Oh ! que d’âges suivis de tant d’âges encore
Traverseront l’effroi du gouffre illimité,
Sans souvenir de jour et sans espoir d’aurore !

Hors du nombre, des lieux et de la qualité,
L’Être unique et total s’est abîmé soi-même
Dans l’informe infini de sa propre entité.

Tel se concentre et gît parmi la cendre blême
Le Feu rassasié des mystiques repas,
Tel se recueille, oisif, le Principe suprême.

Sous la forme du Temps, il est ce qui n’est pas.
Sa présence a son lieu dans toutes les absences
Et son réveil latent dort dans tous les trépas.

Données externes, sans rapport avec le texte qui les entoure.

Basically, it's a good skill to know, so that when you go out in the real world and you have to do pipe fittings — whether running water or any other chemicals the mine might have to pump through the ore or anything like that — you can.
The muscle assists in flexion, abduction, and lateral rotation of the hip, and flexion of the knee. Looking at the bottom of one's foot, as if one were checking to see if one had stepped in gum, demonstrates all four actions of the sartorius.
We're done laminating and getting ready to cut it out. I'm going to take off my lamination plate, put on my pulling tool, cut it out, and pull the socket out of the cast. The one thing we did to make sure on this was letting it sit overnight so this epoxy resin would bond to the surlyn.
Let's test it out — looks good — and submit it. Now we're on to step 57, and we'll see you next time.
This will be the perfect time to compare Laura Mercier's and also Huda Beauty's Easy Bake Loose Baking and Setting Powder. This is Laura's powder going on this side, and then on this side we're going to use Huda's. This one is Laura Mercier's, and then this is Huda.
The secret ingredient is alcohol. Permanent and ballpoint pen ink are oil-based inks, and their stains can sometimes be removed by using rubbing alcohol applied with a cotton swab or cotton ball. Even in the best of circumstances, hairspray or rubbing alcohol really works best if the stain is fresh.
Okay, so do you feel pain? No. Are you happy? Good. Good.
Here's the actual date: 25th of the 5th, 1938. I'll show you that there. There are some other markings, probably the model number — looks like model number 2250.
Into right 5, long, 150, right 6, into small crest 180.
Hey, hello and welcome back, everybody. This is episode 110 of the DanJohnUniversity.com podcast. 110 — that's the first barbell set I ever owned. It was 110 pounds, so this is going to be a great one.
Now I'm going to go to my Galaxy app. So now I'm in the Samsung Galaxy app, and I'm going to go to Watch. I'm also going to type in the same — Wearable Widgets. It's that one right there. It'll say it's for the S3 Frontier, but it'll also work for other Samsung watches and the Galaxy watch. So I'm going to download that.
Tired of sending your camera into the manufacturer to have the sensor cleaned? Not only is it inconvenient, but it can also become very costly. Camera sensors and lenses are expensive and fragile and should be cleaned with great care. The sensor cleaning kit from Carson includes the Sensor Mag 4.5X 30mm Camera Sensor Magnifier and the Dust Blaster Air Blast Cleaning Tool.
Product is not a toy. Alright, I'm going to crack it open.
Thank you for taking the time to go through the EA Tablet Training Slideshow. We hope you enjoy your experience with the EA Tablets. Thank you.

L’angoisse des espoirs et des réminiscences
Meurt au fond du Tîrtha sans rivage et stagnant
Fait du fleuve dompté des tristes renaissances ;

Et chaque âge divin se déroule, enchaînant
A d’innombrables nuits sa nuit démesurée,
Sans vaincre ce repos immense et permanent.

Mais enfin, du constant effort de la durée,
L’Amour est né. Bientôt, mystérieux ferment,
Sourdra la Force au sein de l’être demeurée.

Par le Temps qui s’amasse accrue infiniment,
La Passion pénètre en tout ce qui repose,
Avec un convulsif et chaud frémissement.